The platform established here can be utilized for the screening and assessment of novel antimicrobial agents against surface-associated bacteria and biofilms. Unlike traditional assays that rely on indirect measurements of cell viability either by optical density or colony forming unit counting, our assay allows direct visualization of single live/dead cells and reveals in-depth information about the performance of an antimicrobial agent. Moreover, the platform is fully compatible with confocal microscopy and high magnification with oil immersion objectives making the recording of spatial-resolved antibiotic activity on biofilm possible.
Stability and Versatility of the Platform
The platform presented here is extremely versatile and can be customized to suit a broad range of applications such as investigating the biofilm formation ability of different bacteria including mutants under defined and controlled conditions or the effect of a molecule of interest on adherent bacteria to name a few. Besides, different flow shear stresses can be easily applied by adjusting the flow rate and the dimensions of the microchannels and different media can be perfused synchronously.
Gas bubbles are a common burden in most microfluidic applications, as they can severely alter the flow characteristics. The bubbles can spontaneously form inside a microfluidic system by degassing out of liquid phase. The likelihood of this phenomenon increases with prolonged operation time and long-term incubation is therefore more prone to bubble formation than short-term experiments. By using a pressure driven flow and working with a positive pressure in the range of 500 mbar, the spontaneous occurrence of bubbles was avoided without the use of a bubble trapping system, thus keeping the complexity of the platform low. The pressure-driven flow also enabled the use of conventional glass bottles as medium reservoir hence allowing large volumes to be perfused, which would have been impossible with a traditional syringe pump (28). Moreover, using a pressure controller drastically reduced the risk of leakage in case of clogging of the system by preventing the rise of pressure that can occur with traditional pumps. By using flow sensors, pressure applied to the reservoir could be continuously adjusted in order to maintain constant flow rate throughout the whole experiment.
Additionally, the relatively large dimension of the microfluidic system (channel width ranging from 1 to 3 mm) and the absence of intricate channel geometry made it possible to manufacture the mold used for chip fabrication by computer numerical control (CNC) milling instead of photolithography, which greatly reduces the cost of production. Moreover, stereolithography is another cost-effective manufacturing method also suitable for mold fabrication and gaining popularity (29).
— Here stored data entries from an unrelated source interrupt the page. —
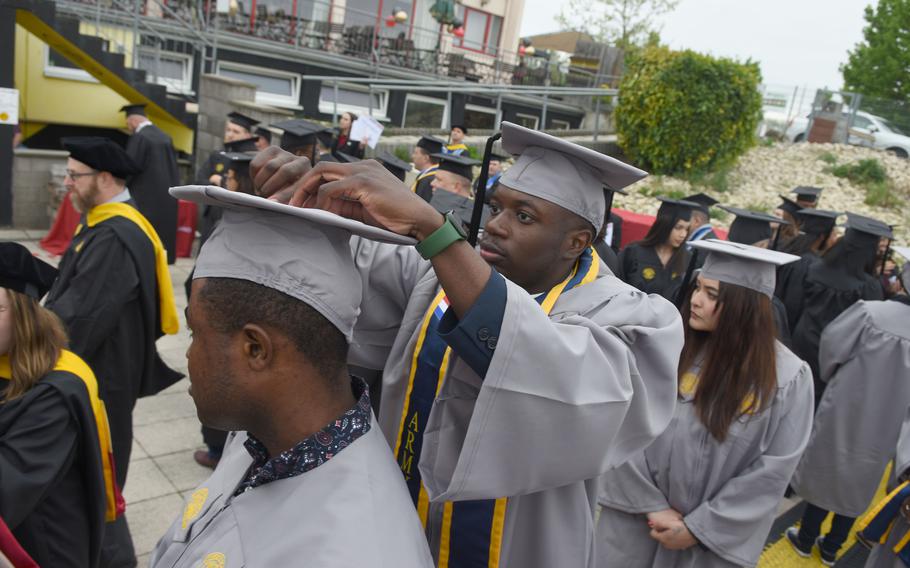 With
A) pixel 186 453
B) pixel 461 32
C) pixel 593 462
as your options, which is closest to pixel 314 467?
pixel 593 462

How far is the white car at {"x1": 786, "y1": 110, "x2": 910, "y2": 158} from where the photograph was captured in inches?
716

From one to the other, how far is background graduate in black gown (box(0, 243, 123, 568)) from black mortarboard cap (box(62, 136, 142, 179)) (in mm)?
1415

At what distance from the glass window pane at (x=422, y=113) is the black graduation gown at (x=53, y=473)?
1685 centimetres

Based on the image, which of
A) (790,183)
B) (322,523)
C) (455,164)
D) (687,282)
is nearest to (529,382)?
(322,523)

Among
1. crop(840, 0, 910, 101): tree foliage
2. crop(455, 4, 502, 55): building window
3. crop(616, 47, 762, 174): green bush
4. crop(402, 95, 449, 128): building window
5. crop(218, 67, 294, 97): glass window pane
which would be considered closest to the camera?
crop(616, 47, 762, 174): green bush

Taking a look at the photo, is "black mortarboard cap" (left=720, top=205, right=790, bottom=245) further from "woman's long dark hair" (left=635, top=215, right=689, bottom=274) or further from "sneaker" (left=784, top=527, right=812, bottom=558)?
"sneaker" (left=784, top=527, right=812, bottom=558)

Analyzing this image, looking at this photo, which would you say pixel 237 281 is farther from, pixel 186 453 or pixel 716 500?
pixel 186 453

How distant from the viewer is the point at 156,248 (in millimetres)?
4195

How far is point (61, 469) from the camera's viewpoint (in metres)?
2.65

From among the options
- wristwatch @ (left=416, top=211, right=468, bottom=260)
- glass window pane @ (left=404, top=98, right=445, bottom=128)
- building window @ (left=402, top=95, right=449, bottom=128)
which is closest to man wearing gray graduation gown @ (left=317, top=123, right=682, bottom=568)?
wristwatch @ (left=416, top=211, right=468, bottom=260)

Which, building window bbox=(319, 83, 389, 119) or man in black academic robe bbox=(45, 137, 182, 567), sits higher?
building window bbox=(319, 83, 389, 119)

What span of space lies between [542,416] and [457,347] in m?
0.22

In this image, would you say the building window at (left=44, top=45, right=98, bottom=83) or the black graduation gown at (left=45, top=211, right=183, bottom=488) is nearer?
the black graduation gown at (left=45, top=211, right=183, bottom=488)

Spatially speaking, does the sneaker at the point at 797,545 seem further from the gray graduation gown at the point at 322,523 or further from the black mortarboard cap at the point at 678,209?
the gray graduation gown at the point at 322,523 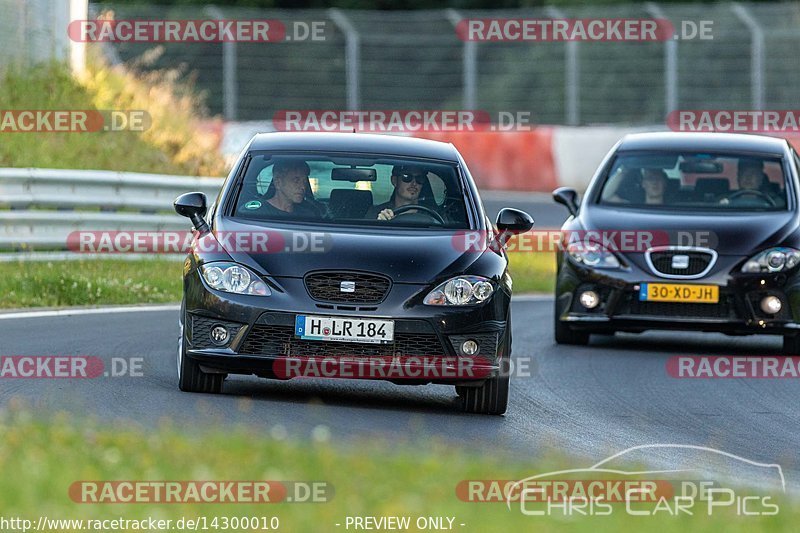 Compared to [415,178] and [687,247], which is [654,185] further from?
[415,178]

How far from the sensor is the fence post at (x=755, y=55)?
102 ft

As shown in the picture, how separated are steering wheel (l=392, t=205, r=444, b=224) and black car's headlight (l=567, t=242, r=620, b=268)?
360 centimetres

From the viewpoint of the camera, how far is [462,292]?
9.81 metres

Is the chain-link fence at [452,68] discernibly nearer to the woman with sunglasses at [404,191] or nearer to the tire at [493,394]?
the woman with sunglasses at [404,191]

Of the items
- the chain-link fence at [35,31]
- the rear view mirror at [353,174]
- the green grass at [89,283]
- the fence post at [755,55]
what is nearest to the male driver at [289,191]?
the rear view mirror at [353,174]

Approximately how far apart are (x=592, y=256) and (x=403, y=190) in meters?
3.74

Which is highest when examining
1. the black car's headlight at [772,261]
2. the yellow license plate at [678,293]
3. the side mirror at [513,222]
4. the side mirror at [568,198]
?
the side mirror at [513,222]

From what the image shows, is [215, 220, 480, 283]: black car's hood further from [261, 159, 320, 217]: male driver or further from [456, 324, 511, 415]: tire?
[456, 324, 511, 415]: tire

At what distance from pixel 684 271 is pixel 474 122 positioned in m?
19.1

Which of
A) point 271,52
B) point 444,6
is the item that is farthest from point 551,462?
point 444,6

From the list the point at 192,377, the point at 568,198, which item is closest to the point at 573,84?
the point at 568,198

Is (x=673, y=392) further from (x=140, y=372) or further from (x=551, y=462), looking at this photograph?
(x=551, y=462)

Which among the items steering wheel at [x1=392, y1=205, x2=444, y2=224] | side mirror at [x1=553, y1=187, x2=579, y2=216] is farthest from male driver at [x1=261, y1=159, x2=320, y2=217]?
side mirror at [x1=553, y1=187, x2=579, y2=216]

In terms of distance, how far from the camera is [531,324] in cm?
1619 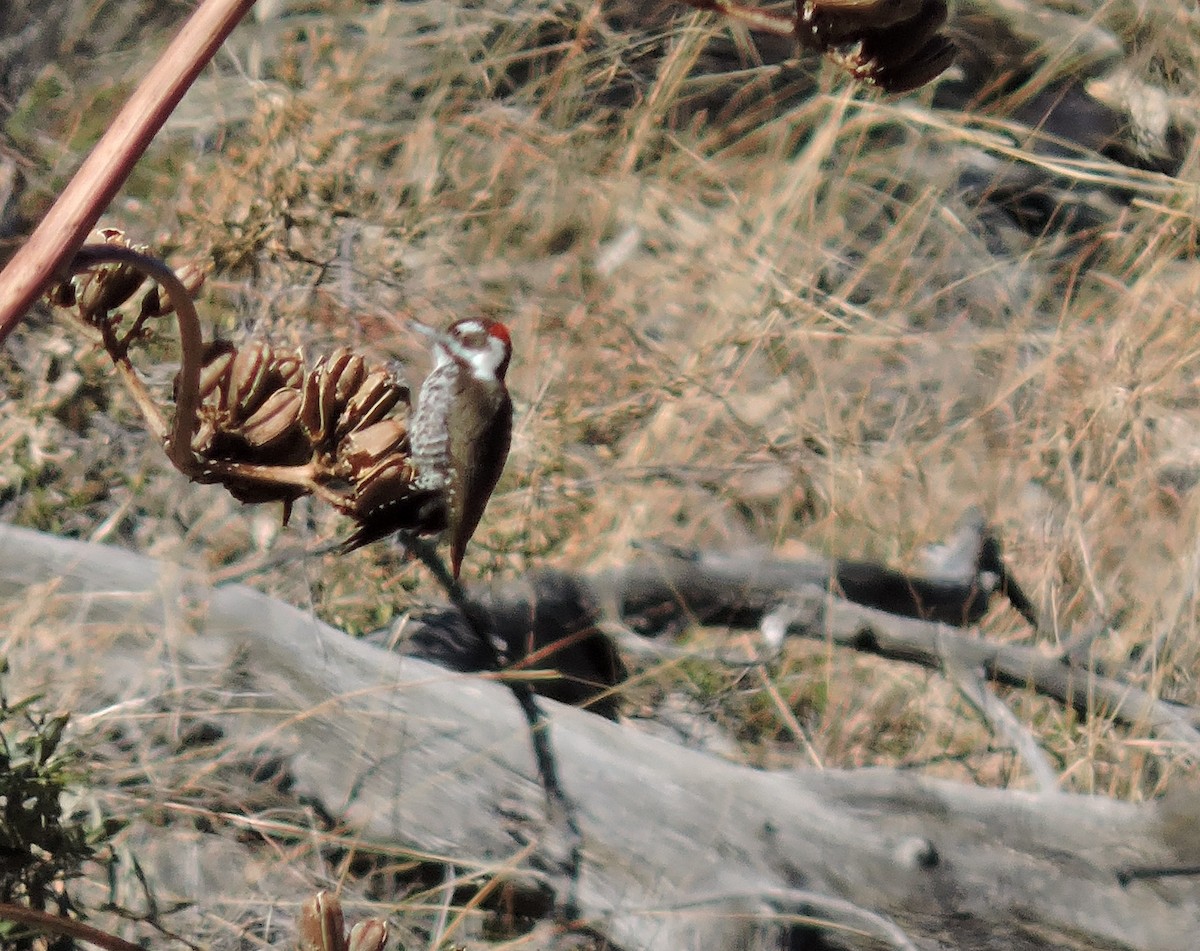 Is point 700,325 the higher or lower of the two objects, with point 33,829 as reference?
lower

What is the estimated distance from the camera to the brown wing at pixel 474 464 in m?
1.63

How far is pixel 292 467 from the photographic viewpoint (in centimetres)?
78

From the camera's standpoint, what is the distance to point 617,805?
2020 millimetres

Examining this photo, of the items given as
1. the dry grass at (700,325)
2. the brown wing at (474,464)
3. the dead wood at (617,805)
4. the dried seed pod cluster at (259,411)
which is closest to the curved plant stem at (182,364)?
the dried seed pod cluster at (259,411)

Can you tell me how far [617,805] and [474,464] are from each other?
68 centimetres

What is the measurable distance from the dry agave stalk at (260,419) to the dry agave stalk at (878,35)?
14.5 inches

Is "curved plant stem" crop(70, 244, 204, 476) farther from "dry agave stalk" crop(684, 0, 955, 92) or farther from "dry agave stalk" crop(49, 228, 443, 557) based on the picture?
"dry agave stalk" crop(684, 0, 955, 92)

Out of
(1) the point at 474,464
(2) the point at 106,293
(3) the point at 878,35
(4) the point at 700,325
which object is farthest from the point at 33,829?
(4) the point at 700,325

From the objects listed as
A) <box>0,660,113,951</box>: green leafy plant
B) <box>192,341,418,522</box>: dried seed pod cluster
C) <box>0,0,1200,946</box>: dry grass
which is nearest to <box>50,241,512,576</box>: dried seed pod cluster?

Here we employed our platform to investigate the influence of medium composition on bacterial adhesion and biofilm formation under constant flow rate. This study demonstrated that the platform is suitable for studying the dependence of environmental parameters (nutrition, shear stress) on the described phenomena as well as for testing novel antimicrobial agents. Firstly, their performance can be assessed on adherent bacteria in a more clinically relevant setting compared to traditional assays. Secondly, real-time monitoring of the activity of an antimicrobial agent at the single cell level will allow a deeper understanding of its mode of action.